Why do we take students abroad? Why should we take students abroad? Really, why should we? Why should universities support study abroad staff, insert international education into mission statements and strategic goals, and promote the idea of global citizenship? Why should faculty consider getting on a plane with 10 (or 50) students to teach a course abroad? What can students learn abroad that they can’t learn at home? It’s not hard to find a faculty leader who has been dealt a challenging program abroad—one fraught with lost luggage, delayed flights, and ill students. So, then, why keep going? Many of us have pondered these very questions and come back with the same answer: the reward is far greater than the sacrifice.
Assuming you have picked up this book, you probably don’t need to be convinced of why you should lead a study abroad program, but instead need some guidance on how. Spending time, then, convincing you to lead a study abroad program is beside the point.

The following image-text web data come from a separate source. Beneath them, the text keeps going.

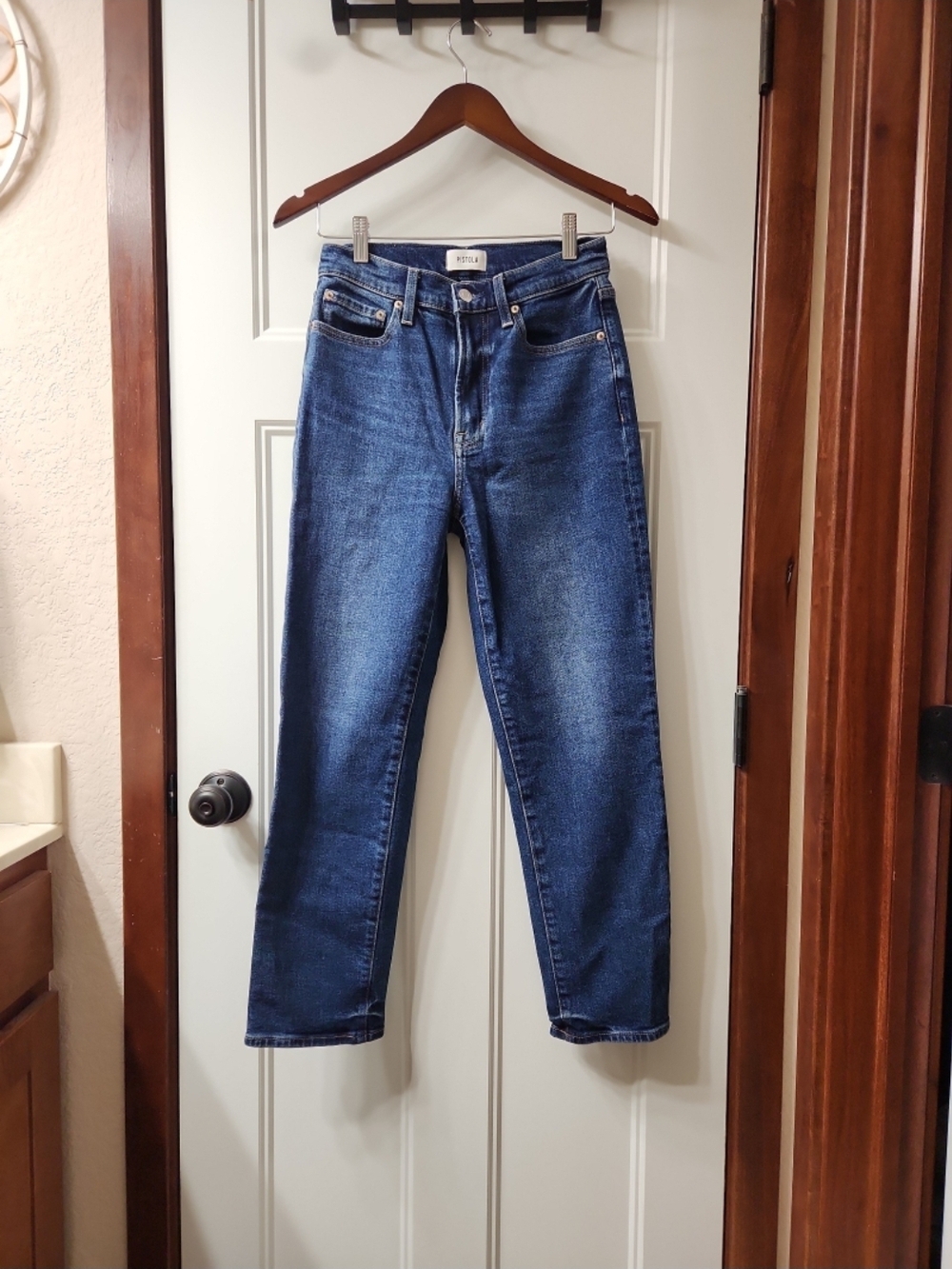 Pistola Mid-Rise Straight Leg Jeans - 26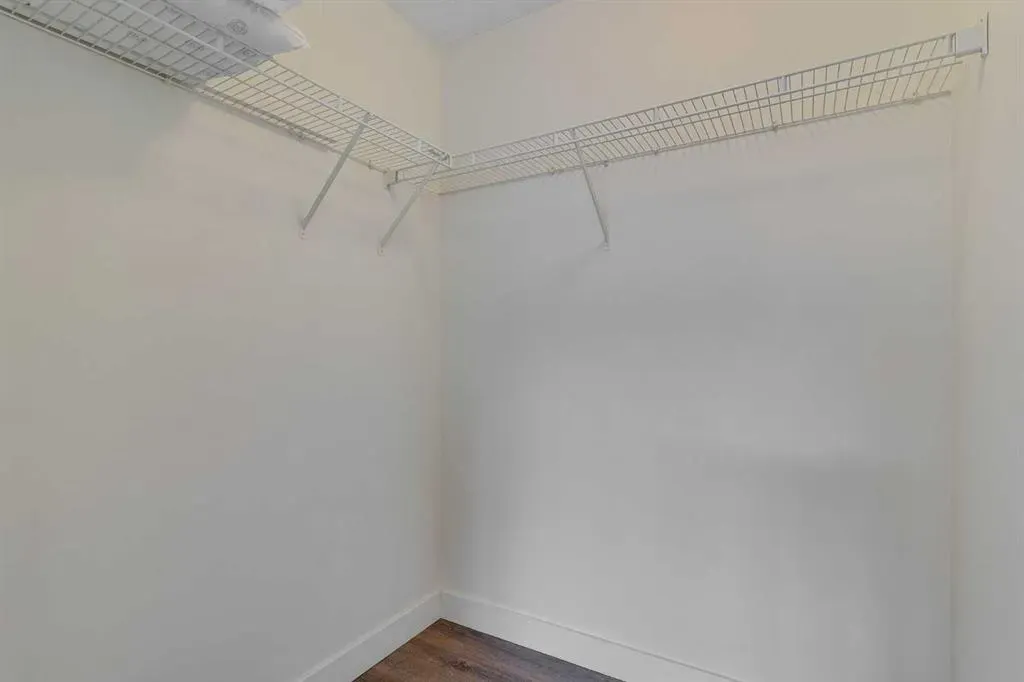 35 Richard Court SW, #113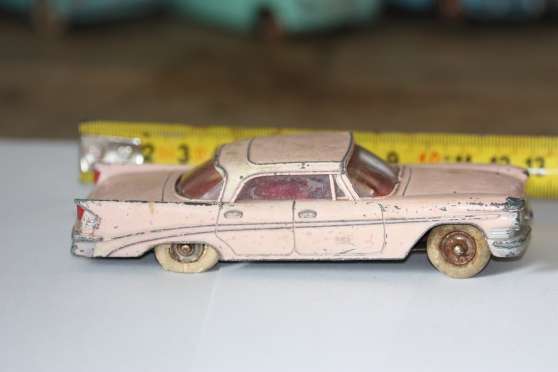 CHRYSLER SAROTOGA N° 550 DINKY TOYS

You have likely gone through the preliminary questions of why study abroad is important, why you should take students abroad, how to work it around your personal and family life, and how to take on the added professional responsibilities of leading a faculty-led program with or without support from your institution. However, it may not have occurred to you how leading study abroad programs can advance your career, profession, department, university, and individual students—hence, the reason for this chapter.
1.1 Study Abroad Challenges you as a Teacher
Teaching on a study abroad program develops your ability to be innovative and creative. Striking a balance between the academics of the structured classroom and the academics of experiential learning can be challenging, but worthwhile. On the home campus, you have your classroom. When you are abroad, you have the entire city, culture, people, and more. Whether or not you have actual meeting space, you are forced to think outside the box when formulating the next ‘lecture.’ The city becomes the classroom and you recognize teachable moments throughout the program. The experiential component of learning allows your students to have their hands on the culture and learn from a fresh perspective. Sitting in a US classroom looking at slides of Monet’s work is hardly the same as strolling through the Musee D’Orsay to see the real thing.
For the professor who is accustomed to classroom lecture, however, the study abroad format can be difficult to manage. How do you teach your students everything they need to know when so much time is spent on activities and excursions? Do you need to lecture for three hours each day beforehand? Well, do you? Think about it. How can you reconfigure your course, your syllabus, and even your teaching style to match what can be learned on-site without an accompanying lecture? What alternative learning can take place to augment your syllabus and traditional text?
Faculty-led study abroad is about challenging yourself to explore new teaching methods and learning styles. Not to worry, students participating in your program will find plenty of ways to discover and learn, and you will find yourself growing, too. You are with your students daily; you have greater flexibility to teach throughout the experience, and the group will read what you have assigned before they even get on the plane. In short, your students will step up to the plate to learn the material and will get more than a textbook out of your class.
There is nothing like being there…light bulbs turning on in students’ heads, and fireworks going off, when their academics and experience converge.
Continual inner-processing is vital to the study abroad experience. When teaching abroad, it becomes your responsibility to coach students through the ‘weird’ and into the ‘a-ha.’ You are challenged as the faculty leader to help students reflect on and compare the many differences they experience, but not necessarily to be a know-it-all. Admit what you do not know and commit to discovering together with your students. They will enjoy seeing your a-ha moments as much as you will enjoy seeing theirs.